While the first Parliament of Upper Canada was held at Newark, now Niagara on the Lake, the first to be held in what is now Toronto was here in the north- east corner of the block bounded by Front, Berkeley, Parliament Streets and the old shoreline. The remains of the Parliament Buildings were explored in summer 2000. In 1796, Lieutenant-Governor Simcoe moved the provincial capital to York. The first parliament buildings, constructed between 1794 and 1797, were two Georgian brick buildings with colonnaded porches facing the bay, at that time only a few feet away. Later in 1805, the buildings were connected by a colonnaded walkway. Simcoe, who had left York before the buildings were completed, intended that the Government House would be built between the two buildings.
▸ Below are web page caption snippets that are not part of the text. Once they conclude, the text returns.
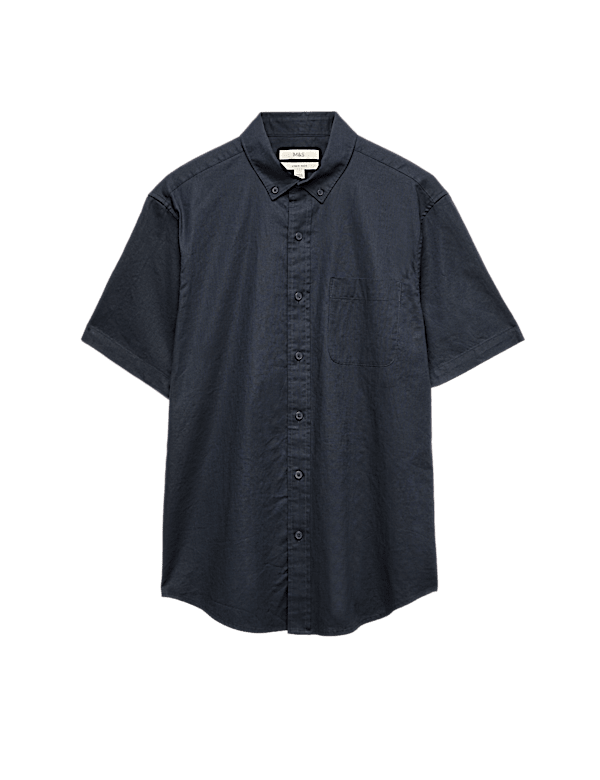 Regular Fit Linen Rich Short Sleeve Shirt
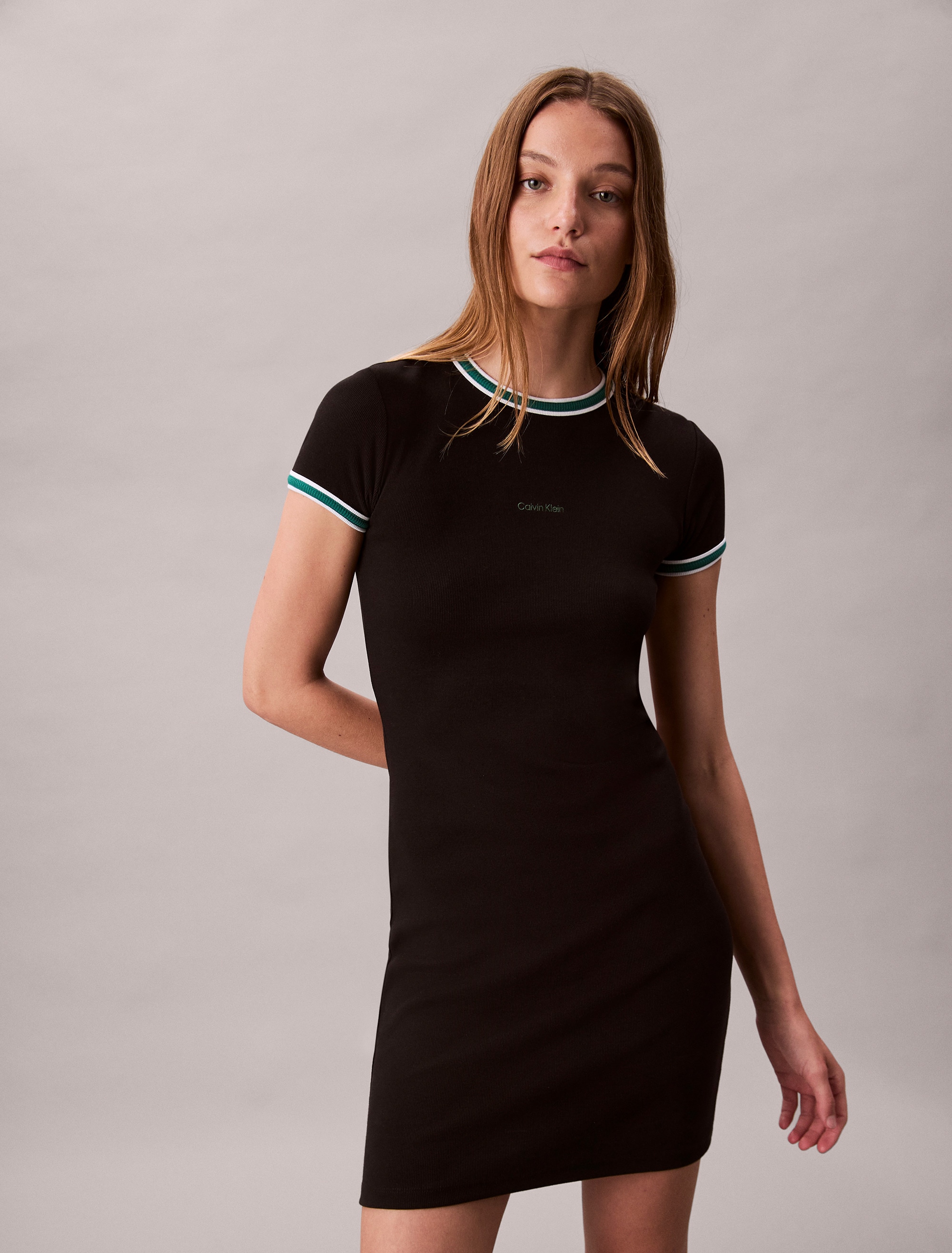Image of Calvin Klein Jeans Skaterkleid "SS COLOR BLOCK COTTON RIB BABY T" Ohne Tasche Mit Rundhalsausschnitt, regular fit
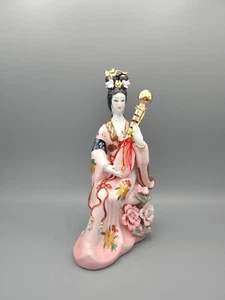 Chinesische Orientalische Keramik Antik Stil Dame mit Musikinstrument Figur - Bild 1 von 9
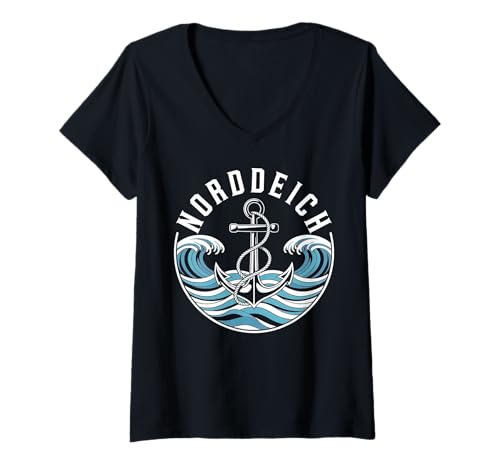 Damen Reisen Deutschland Strand Norddeich Anker Wellen T-Shirt mit V-Ausschnitt Damen Reisen Deutschland Strand Norddeich Anker Wellen T-Shirt mit V-Ausschnitt von Travel Germany Beach Norddeich Waves Anchor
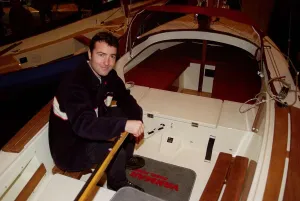 Motor Boat Prints: Nick Berry actor January 1999 at the Boat Show at Londons Earls Court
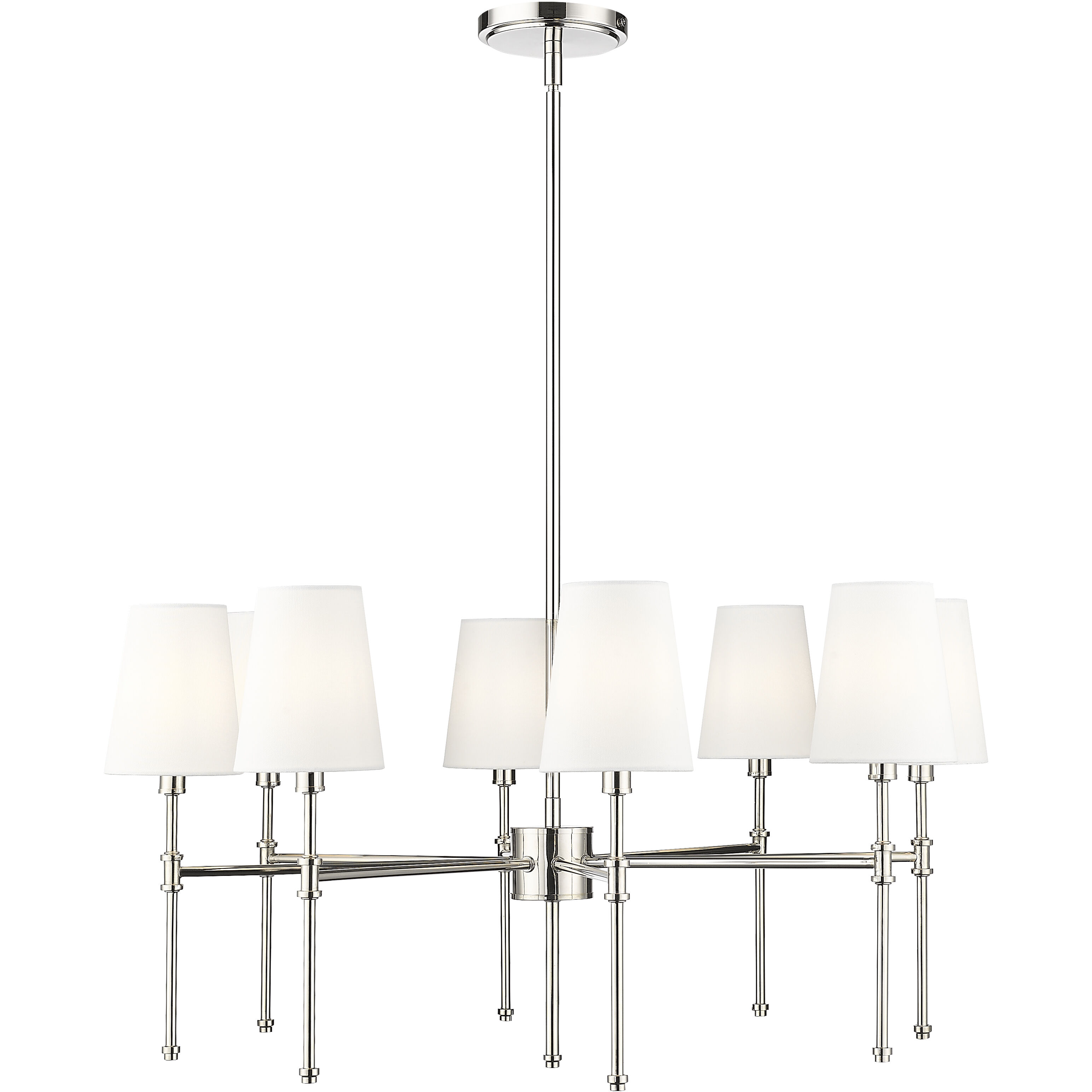 Adorra 8 Light 30 inch Polished Nickel Chandelier Ceiling Light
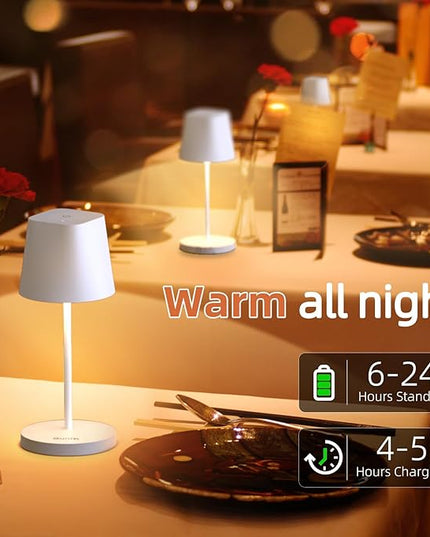 Quntis Cordless LED Table Lamp with Dimmer, Built-in Rechargeable Battery, Stepless Brightness Dimming, Ambient Light for Restaurant, Bedside Night Lamp, Waterproof Outdoor Lamps for Patio, Camping - LeafyLoom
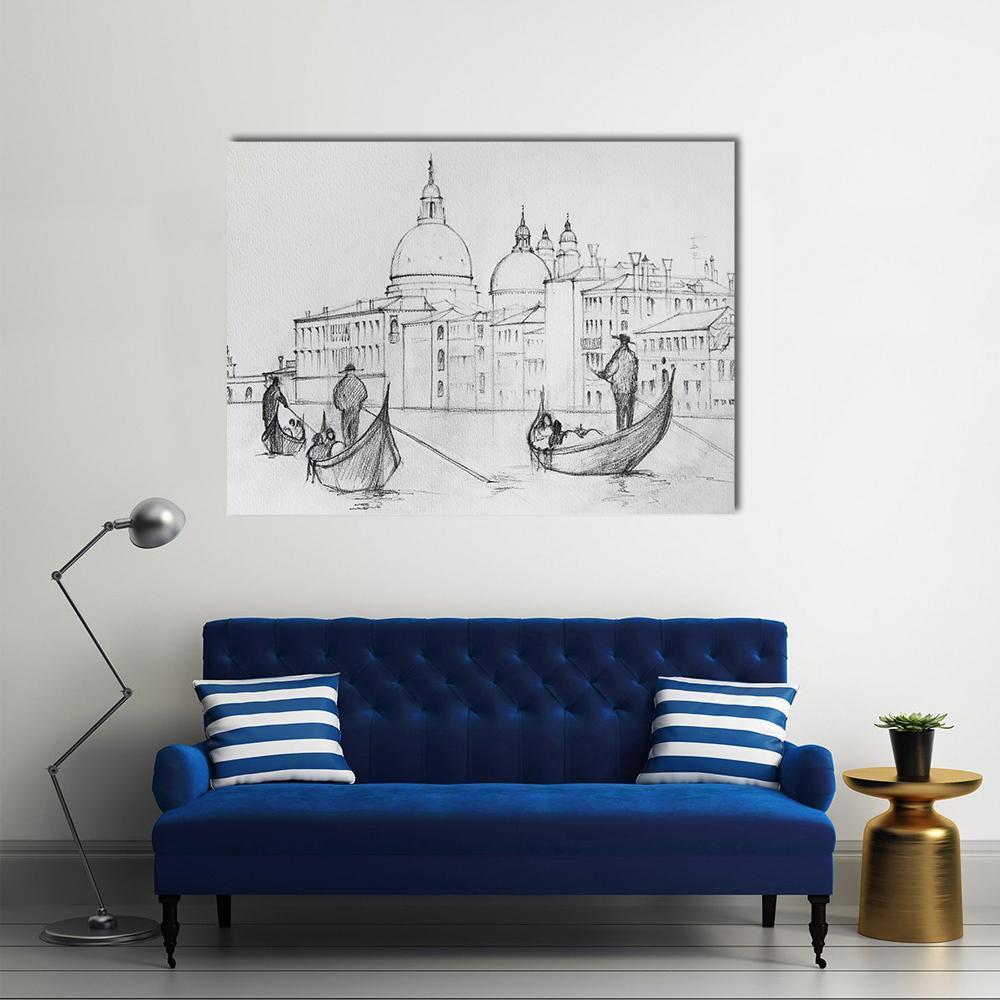 Painting Of Venice Italy Canvas Wall Art-4 Pop-Gallery Wrap-50" x 32"-Tiaracle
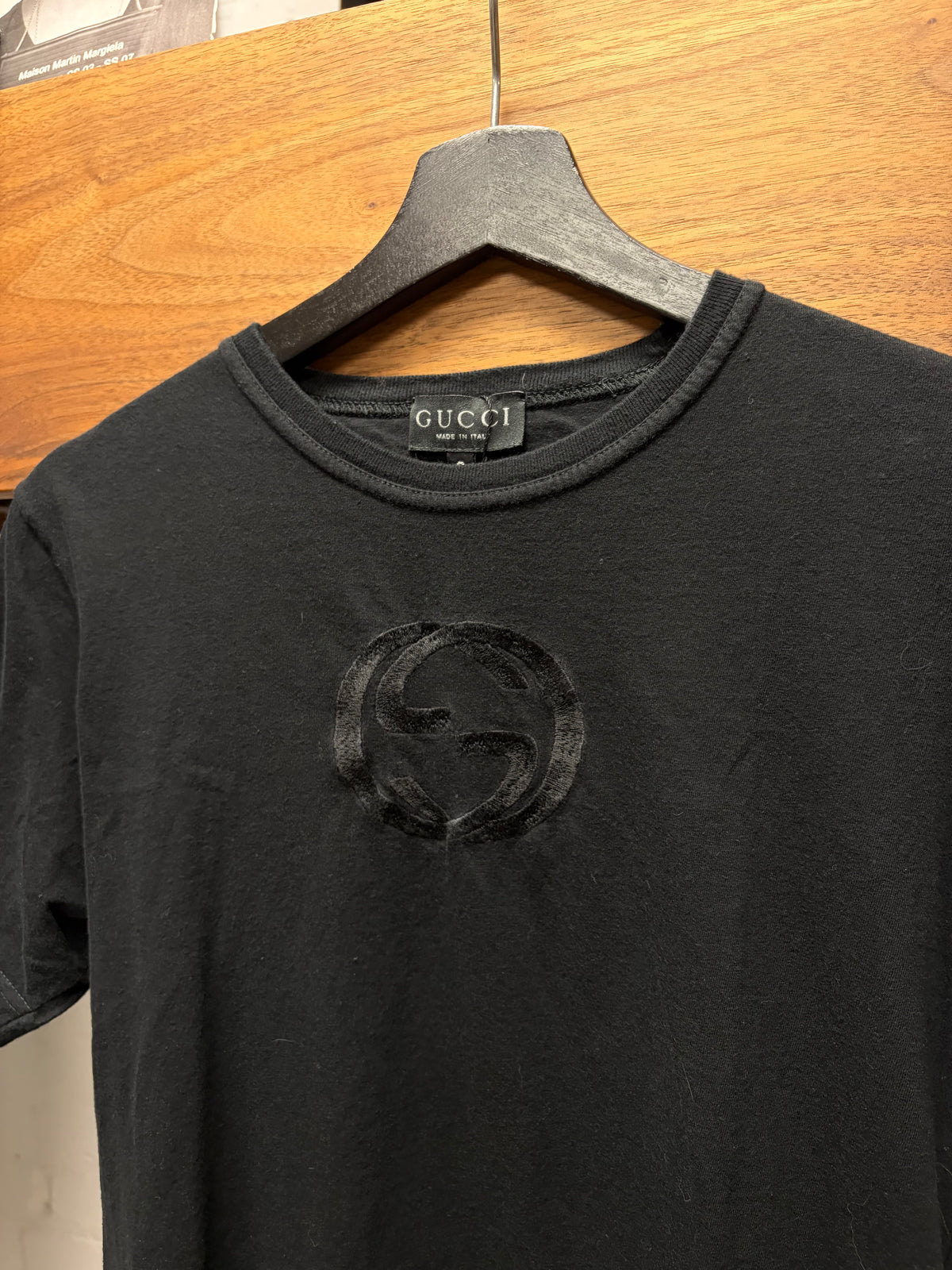 SS1997 Gucci by Tom Ford GG Interlock’ Embroidered Chest Logo Black Short Sleeve T-Shirt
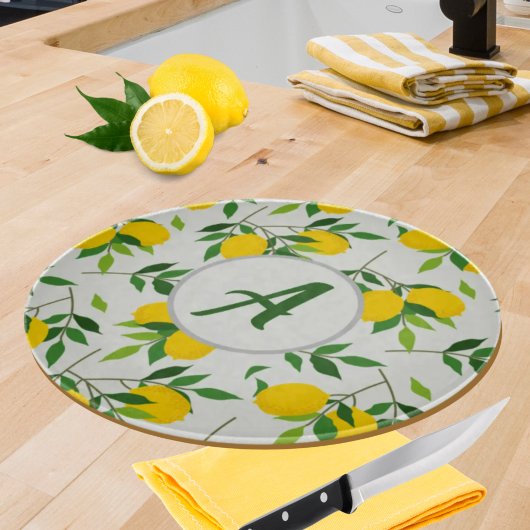 Monogram Lemons en Leaves Pattern Snijplank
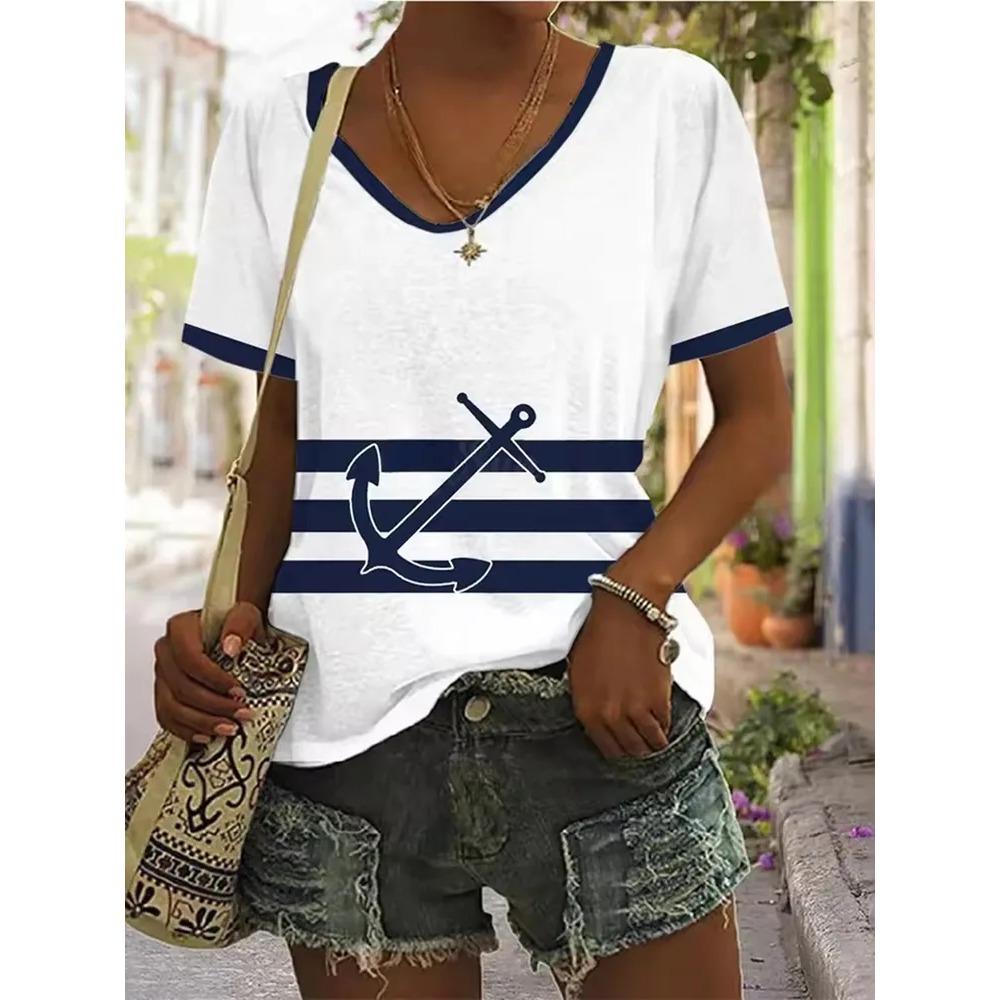Stripe Printed T-shirt Fashionable Loose Short Sleeved Round Neck Versatile Comfortable Women's V-neck T-shirt
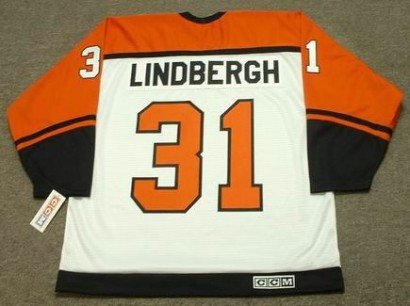 PELLE LINDBERGH Philadelphia Flyers 1985 CCM Throwback Home NHL Hockey Jersey, LARGE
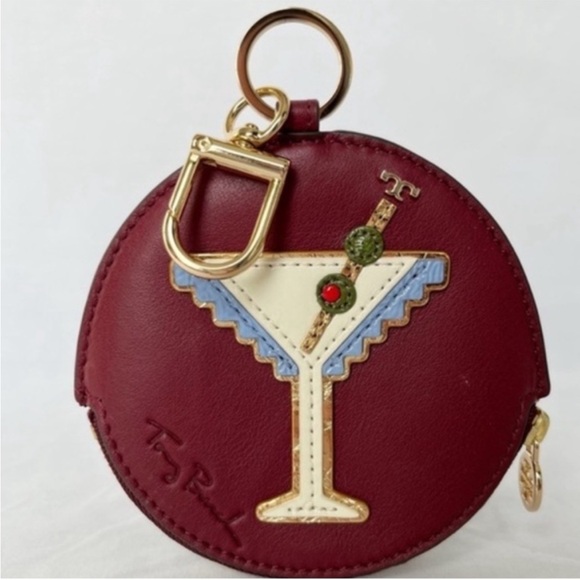 Tory Burch Handbags - Authentic Tory Burch NWOT Leather Maroon Martini Glass Key Coin Pouch Bag Charm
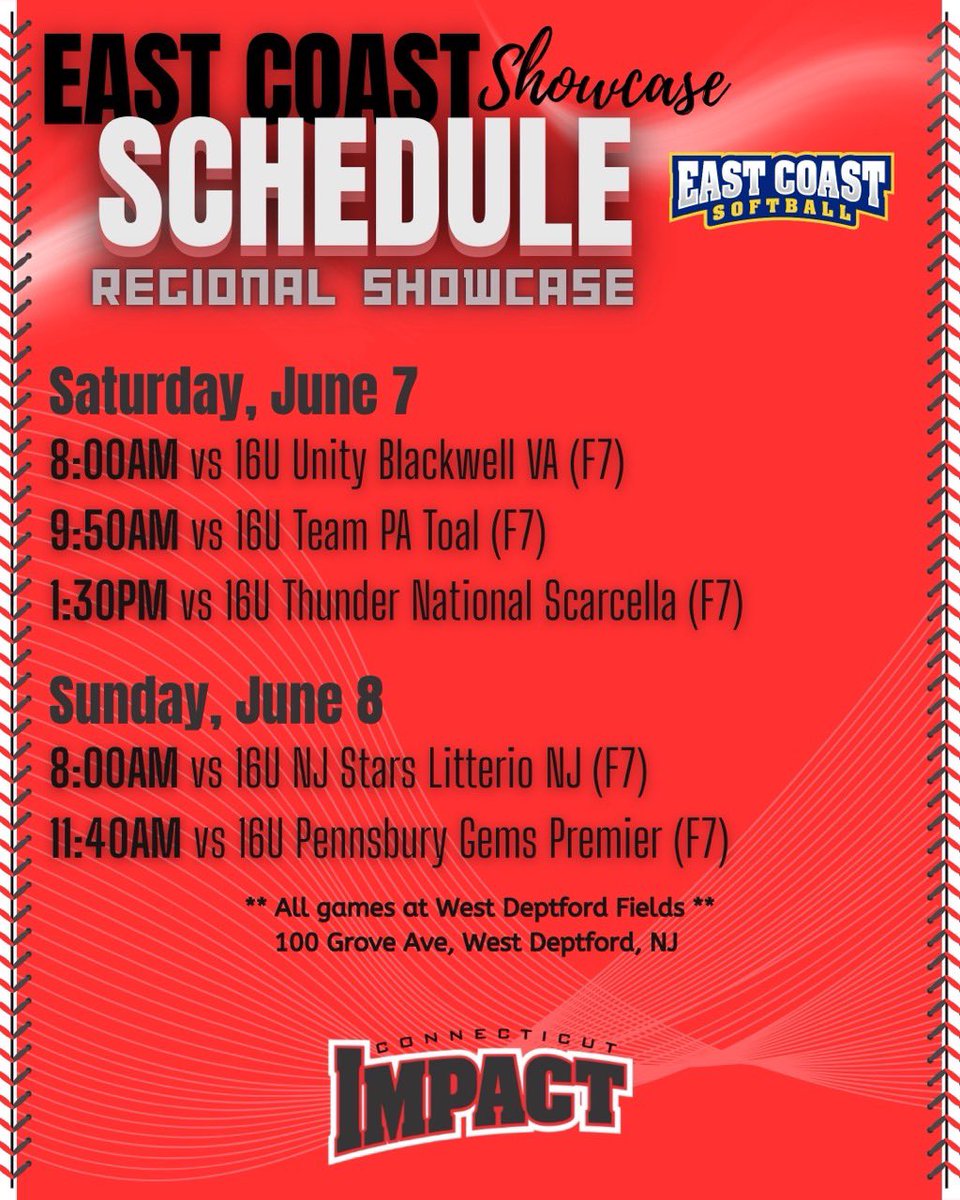 Abigail D’Orta (@abigaildorta) on Twitter photo So excited for this weekend to be back on the field!!! <a href="/CTImpactRegAL/">CT Impact 16u/18u Showcase</a>
Schedule for this Weekend⬇️⬇️ So excited for this weekend to be back on the field!!! <a href="/CTImpactRegAL/">CT Impact 16u/18u Showcase</a>
Schedule for this Weekend⬇️⬇️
The Legislative Council, the Upper House, with seven legislators used one building, while the House of Assembly with up to sixteen members used the other.
These were Parliament buildings that the Americans burned during their occupation of York from April 27 to May 2 1813. They looted them first and took many books from the library and the mace back to the States. The mace was returned in 1934 as part of the celebrations marking the centenary of the City of Toronto.
The buildings were rebuilt on the same site by 1820. In the interim, Parliament met in The York Hotel, nearby on King Street west of Berkeley and later in the house of the Chief Justice at the corner of Wellington and York. Unfortunately the new parliament buildings did not last long. They were destroyed, in 1824, by another fire, which started in a chimney, and the site was abandoned. New buildings were built on Front Street, west of Simcoe Street, a more fashionable part of town in those years. While they were being built, Parliament met in the York General Hospital.
Later a courthouse and a “Gaol” occupied this block. Some of this information came from “A Glimpse of Toronto’s History” MPLS # 250.